The protocol was approved by the institutional review boards of each site, and informed consent was obtained before participant enrollment.
Protocol
Details of this protocol have been described previously (4, 24, 25). In brief, to control for the influence of medications on components of the RAAS, all angiotensin-converting enzyme inhibitors (ACEI), angiotensin receptor blockers, or mineralocorticoid receptor antagonists were discontinued for 3 months and β-blockers and diuretics were discontinued for 1 month before the study. If necessary, participants were given amlodipine for blood pressure control. All antihypertensive medications were discontinued 2 wk before the start of the diet. Individuals with T2DM on sulfonylureas, insulin, biguanides, or HMG-CoA reductase inhibitors remained on these medications for the duration of the study. All participants with T2DM had fasting blood sugar values no higher than 160 mg/dl before the first in-patient study. Subjects were given sulfonylurea or insulin, within the 3-month antihypertensive medication washout period, to obtain this blood sugar if needed.

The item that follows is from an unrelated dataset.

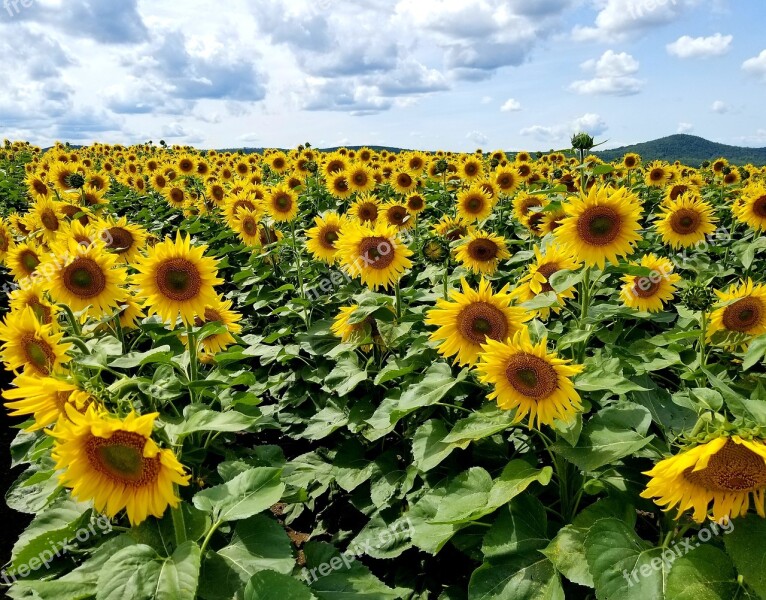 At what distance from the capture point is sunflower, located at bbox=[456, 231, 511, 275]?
17.5ft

Participants completed two diets for 7 d each: liberal sodium [high sodium (HS)] (200 mmol/d) and low sodium (LS) (10 mmol/d) with each diet also containing 100 mmol/d potassium and 20 mmol/d calcium. On the morning of d 7 of the LS diet, participants were maintained in an upright posture position for 60 min at which time blood measurements for PRA and aldosterone were obtained to evaluate maximally stimulated RAAS activity (4, 22). On the evening of d 7, participants were admitted overnight to the clinical research center. Sodium balance was confirmed by 24-h urine collection (≥150 mmol sodium/24 h HS, ≤40 mmol sodium/24 h LS). An ANGII (Bachem AG, Bubendorf, Switzerland) infusion (3 ng/kg · min for 60 min) was administered to examine the adrenal response (aldosterone release) during a state of high ANGII stimulation. A p-aminohippuric acid (PAH) (Merck, Whitehouse Station, NJ) infusion of a bolus injection 8 mg/kg was followed by constant infusion 12 mg/min. Blood draws were conducted the following morning as previously described (17). Insulin, glucose, cholesterol, PRA, aldosterone, and blood pressure were measured between 0800 and 1000 h using standardized and validated methods as previously described (4, 22). Blood pressure was monitored every 2 min during the ANGII infusion. The eGFR was calculated using the modification of diet in renal disease formula (26).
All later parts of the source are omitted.